A y regarder de très près, l'UDPS a de quoi gagner dans une éventuelle rupture avec l'UNC. Personne ne la souhaite, mais si elle s'impose à l'UDPS, elle n'aura qu'à faire avec.
Alors que peut gagner l'UDPS?
En dehors du fait que beaucouo de partis politiques seront tentés
d'aller vers l'UDPS pour combler le vide, tout porte à croire que l'UNC
d'un Kamerhe domicilié à Makala ne sera plus la même. Le pouvoir allant
vers le pouvoir, certains des sociétaires de l'UNC refuseront d'obéir à
un mot d'ordre de rupture.
Il n'en manquera pas qui s'identifieront à Ewanga, à Lubaya et à Kangudia.

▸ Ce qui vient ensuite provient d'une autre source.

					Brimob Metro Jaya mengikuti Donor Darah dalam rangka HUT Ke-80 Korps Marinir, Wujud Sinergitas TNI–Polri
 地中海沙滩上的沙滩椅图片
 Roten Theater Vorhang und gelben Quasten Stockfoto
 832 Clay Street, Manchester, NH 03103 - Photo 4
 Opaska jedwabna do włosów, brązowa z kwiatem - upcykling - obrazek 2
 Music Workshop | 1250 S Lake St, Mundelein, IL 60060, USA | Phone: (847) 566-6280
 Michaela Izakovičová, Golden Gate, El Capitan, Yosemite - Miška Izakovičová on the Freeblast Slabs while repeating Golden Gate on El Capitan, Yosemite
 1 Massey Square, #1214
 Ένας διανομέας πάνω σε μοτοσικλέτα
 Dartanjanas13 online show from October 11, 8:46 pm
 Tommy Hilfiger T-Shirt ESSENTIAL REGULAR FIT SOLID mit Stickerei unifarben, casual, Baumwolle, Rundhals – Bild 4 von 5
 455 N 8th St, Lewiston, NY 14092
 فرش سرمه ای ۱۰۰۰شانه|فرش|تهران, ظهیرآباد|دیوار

Ainsi va la politique. Elle sépare, elle divise, elle aggrave les
tensions et suscite la haine. Elle est envahissante, désordonnée et
incertaine. C'est l'art qui renvoie le plus ses joueurs dans
l'obsolescence. La mort et la déchéance la côtoient.
Les acteurs
congolais en sont conscients. Ils s'appuient sur cette triste réalité
pour justifier leur transhumance, et défendre qu'aucun homme politique
n'est indispensable.
Et quand on sait que toute action politique
obéit à des intérêts hic et nunc, à la loi de la temporalité et à un
certain dynamisme, tout est réuni pour dire que les carottes sont cuites
chez le voisin d'en fâce.
Ne faisons pas couler une larme, ainsi va la politique.